This CIA facebook thing is interesting as a new-ish experiment in social media propaganda which worked OK, and Obama is clearly testing the waters in Uganda with the LRA propaganda line, but the new African imperialism is totally unexplored imo. Maybe someone has a good blog or knows a lot and can connect the dots between all these countries, how the Chinese imperialist model which is being followed by South Korea, India, and the UAE from what I can tell is unfolding as new alliances and resource wars, how oil wars are going to geographically unfold when peak oil approaches, how Israeli investment in Africa will unfold (I think Israel/Iran is the "powder keg"). Ironically, the Keystone XL pipeline cancellation may be the worst thing for the environment and humanity, since we have to get our oil from somewhere.
e: Forgot to mention Somalia, things are escalating there as well under the Obama drone program. Elections are this year, we'll see how far NATO will go to enforce them.
NOT SAYING THERE AINT NOTHING WRONG WITH KONY, BUT LET'S REALIZE THIS MEDIA SHIT IS PHONY
Unless you’ve managed, miraculously, to avoid the Kony 2012 video, you’ll understand now why the US military is investing in technology to create fake online identities with the aim of influencing social media. At least one of the armies of the future is made up of sock puppets.
Sock puppets aren’t much good for hunting warlords, of course, but they can potentially be very effective at manipulating tens of thousands or, in this case, millions of people, to support sending in real troops — supposedly even though Westerners are sick of failed military interventions.
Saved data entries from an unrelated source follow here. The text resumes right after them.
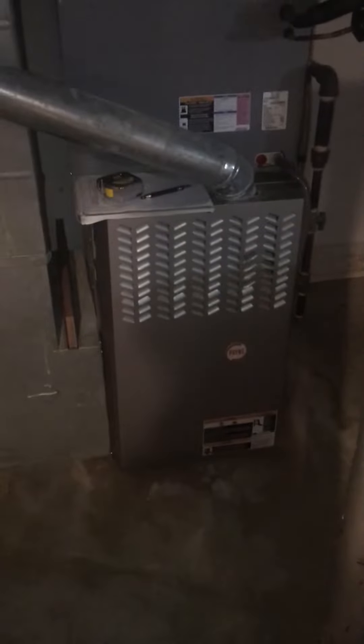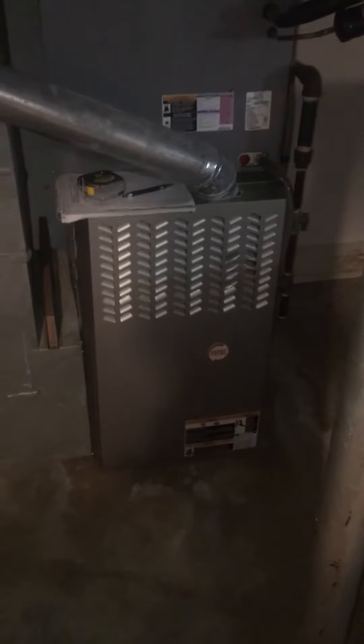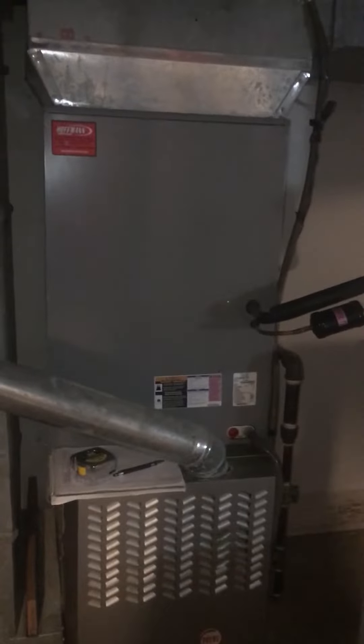Alright you guys, we're looking at a 15-year-old furnace. This is probably going to stay — I don't think he wants to look at replacing this right now. Our main concern is the AC, the evaporator coil.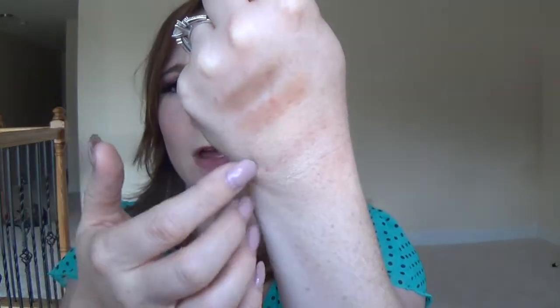Let me swatch these for you. They don't give the greatest hand swatches — they just don't pick up that great on the hand. I definitely don't think this is going to be the best for deeper skin tones. For pale girls like me, you'll be just fine. I actually have the contour palette on today — the lightest shade under my eyes and the contour shade.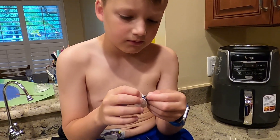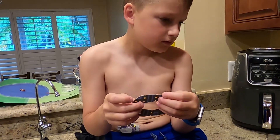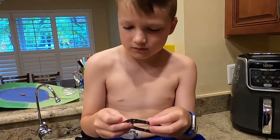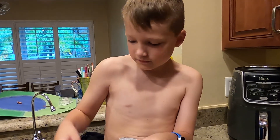Hey Porter. This is Abel and he just wanted to show you how he puts on his Dexcom G6. We're so excited that you are getting yours. We have lots of background noise, sorry. But we just want to walk you through how Abel does it.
The Kony video is an amalgam of every manipulative social media cliché and cyber-utopian stereotype (ruthlessly nailed in the Kony drinking game): the white paternalism, the Hollywood stars, the tightly edited graphics and edgy images (graffiti! face masks!), the earnest narration, the message that social media can change the world, the solipsism that nothing is quite real until white middle-class Westerners know about it, all in the name of justifying unilateral US intervention in Uganda.
Oh, which has a lot of oil, by the way, but we won’t indulge some of the more lurid conspiracy theories circulating online. Nor dwell on the gratuitous errors and omissions that litter the video. It’s not as if there hasn’t been an inaccurate internet yarn before, going right back to the days of the Neiman-Marcus cookie story.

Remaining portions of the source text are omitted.